Im Juni ist der vierte und letzte Teil der Fantasy-Reihe „Die Spiegelreisende“ der Französin Christelle Dabos erschienen. Ein Fazit nach über 2.000 Seiten.

Von Philipp Emberger

Angesiedelt ist „Die Spiegelreisende“ von Christelle Dabos in einer magischen postapokalyptischen Welt. Sie ist zersplittert in 21 Archen, an deren Spitze jeweils ein Familiengeist steht. Mittendrin ist die tollpatschige und loyale Ophelia. Sie lebt auf der Arche Anima und ist mit animistischen Fähigkeiten ausgestattet: Sie kann durch Spiegel reisen und ist eine sogenannte Leserin. Berührt sie einen Gegenstand mit ihren Händen kann sie dessen Geschichte sowie die Gefühle der Vorbesitzer*innen sehen und spüren. Die perfekte Eigenschaft für eine Museumsangestellte.

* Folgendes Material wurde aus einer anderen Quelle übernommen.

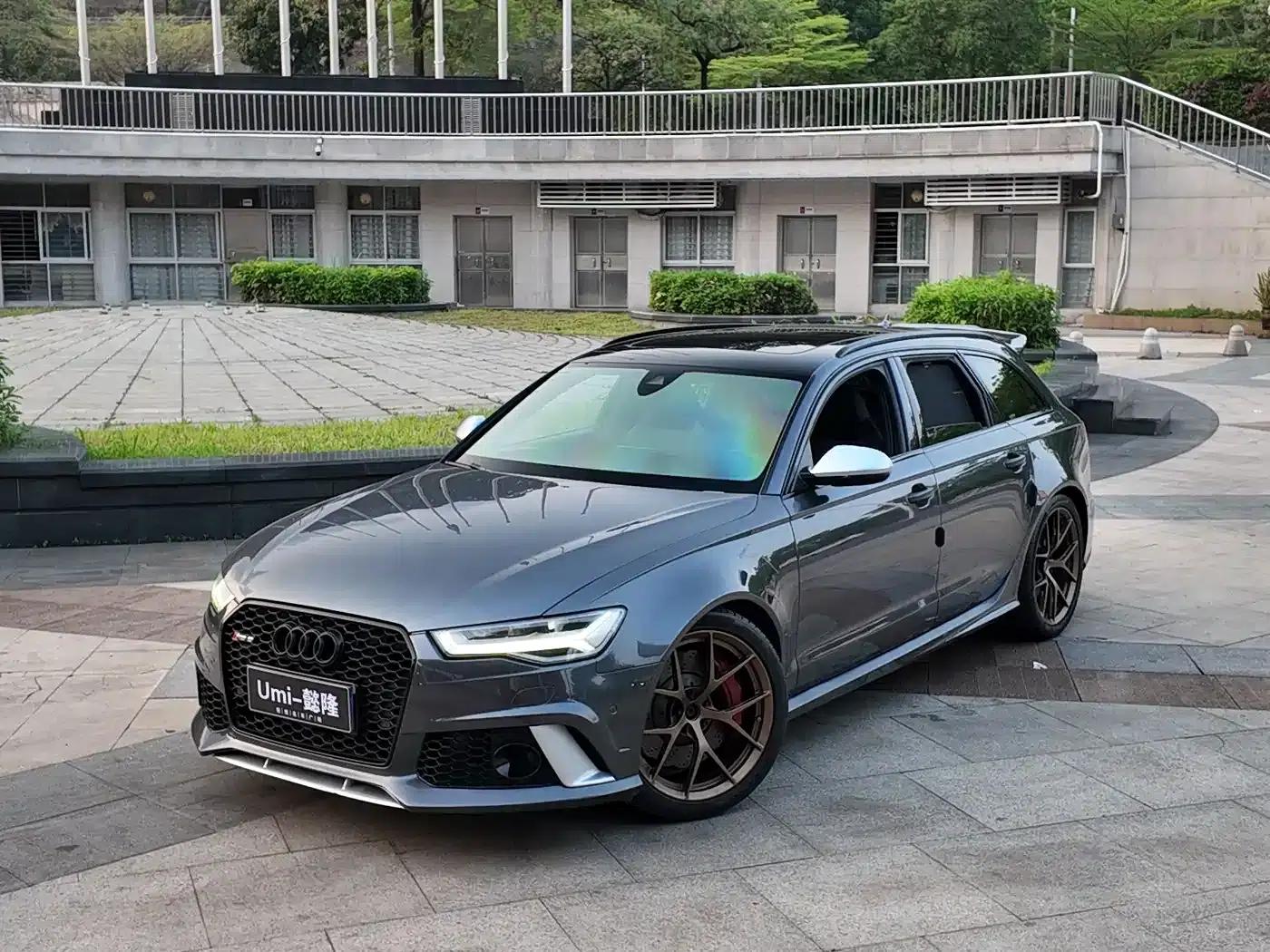 2016 Audi RS 6 4.0T Avant — миниатюра 2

„Sie war eine hervorragende Leserin, eine der besten ihrer Generation. Schicht um Schicht, Jahrhundert für Jahrhundert vermochte sie den Lebenslauf einer Maschine freizulegen, all die Hände, die sie angefasst, benutzt, demoliert, wieder Instand gesetzt hatten.“

Buchcover "Im Sturm der Echos", Band 4 der Spiegelreisenden von Christelle Dabos

Suhrkamp / Insel

Der vierte und letzte Teil der Spiegelreisenden-Saga ist im Juni auf Deutsch erschienen in einer Übersetzung von Amelie Thoma.

Eine Zwangsheirat führt Ophelia im ersten Buch weg von ihrer Heimatarche hin zur eisigen Arche Pol. Dort haben die Bewohner*innen ein eisiges Gemüt. Wenig verwunderlich also, dass sie Ophelia nicht gerade mit offenen Armen willkommen heißen. Zu allem Überfluss gerät sie bald zwischen die Fronten der rivalisierenden Familienclans. Das bleibt allerdings im Laufe der vier Bücher nicht der einzige Konflikt. Ganz im Gegenteil, es wird noch schlimmer. Am Ende kämpft Ophelia gegen einen übermächtigen und unsichtbaren Gegner und wird kurzerhand unfreiwillig zur Retterin der Welt, denn diese droht auseinanderzubrechen.

Ein umfassendes Fantasy-Epos

Christelle Dabos liefert mit „Die Spiegelreisende“ ein umfangreiches Werk mit viel Liebe zum Detail. Seite für Seite kann man in die komplexe Welt eintauchen und dort versinken. Jede Arche hat Christelle Dabos beispielsweise mit einem eigenen Familiengeist mit unterschiedlichen Kräften ausgestattet. Da ist es gar nicht immer einfach den Überblick zu behalten.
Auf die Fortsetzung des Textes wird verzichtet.